Последние строки об этой встрече. За ними в тетради Пущина просвет - и затем сразу:
«Сцена переменилась. Я осужден; 1828 года, 5 генваря, привезли меня из Шлиссельбурга в Читу…»
Хронологический перерыв в рассказе - ровно три года без шести дней. Пущину кажется, и нам вслед за ним, - что он слышит ту январскую ночь 1825-го: хлопанье третьей пробки, слова о свидании в Москве.
Пушкина привезут действительно в Москву - через год и восемь месяцев, но Пущина там не будет.
А пока что звуки: бряцанье колокольчика, бой часов. Что-то говорит Пушкин, молчит Пущин - «прощай, друг» - скрип ворот. Только свеча в руке вышедшего на крыльцо Пушкина - единственный световой тон в прощании звуков.
Больше никогда не увиделись - и Пущину в 1858 году кажется, будто в ту далекую январскую ночь они это предчувствовали».
…В мире поклонников азиатских дорам есть забавный термин: «броманс». От «бро» (братья, в несколько такой «братанской» коннотации, в значении «друганы- кореша-закадыки») и «романса» (в смысле – любви). Этим термином обозначают дружбу двух героев-мужчин, тесную, настоящую, замешенную на глубокой настоящей взаимной любви человека к человеку, беззаветной, надежной и верной. Чтобы было понятней, суть «броманса» - это вот та несколько стеснительная улыбка и легкая неловкость от уже непривычной нам «высоты» чувств, какую вызывают герои старых книг – Ла Моль и Коконнас у Дюма, Орест и Пилад из древнегреческого мифа – с их патетической выспренностью взаимных признаний, с детской (в нашем нынешнем представлении) искренностью выражения чувств.
Вот Пушкин и Пущин – такие.

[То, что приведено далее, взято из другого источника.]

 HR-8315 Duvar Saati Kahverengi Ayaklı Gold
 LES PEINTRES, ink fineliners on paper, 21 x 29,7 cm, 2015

И у меня щиплет в глазах, когда я себе представляю это – как в ничего не ждущем снулом ночном заснеженном дворе вдруг ржут кони и заливается колокольчик, как стосковавшийся Пушкин, как ребенок, заждавшийся маму из командировки или Деда Мороза вечером 31 декабря, выскакивает босиком, в дурацкой ночной рубашке на заснеженное крыльцо, и от волнения не может ничего сказать, а все, что может, - это вскинуть руки в извечном жесте предельного волнения; и как его Пущин практически на руках затаскивает в тепло, и как они обнимаются, онемевшие, с перехваченным комом горлом, и у Пущина тает снег на шапке, шубе и бровях, и он с себя никак не стащит шапку и шубу, а Пушкин, наоборот, никак на себя не натянет чего-то потеплее, и в этот момент они и правда как любимое дитя и любимый взрослый, и обоим, наверное, кажется, что это как в счастливом сне все, и не хочется отпускать другого, потому что вдруг это закончится и придется проснуться.
Самая новогодняя история, по-моему, настоящее рождественское чудо, пусть неумолимо истаявшее потом, и потом будет много горя, и «иных уж нет, а те далече», но ведь случилось же, было, осталось. И колокольчик саней Пущина - как рождественский колокольчик саней... хотите Санты, хотите Деда Мороза... "праздник приближается, приближается праздник".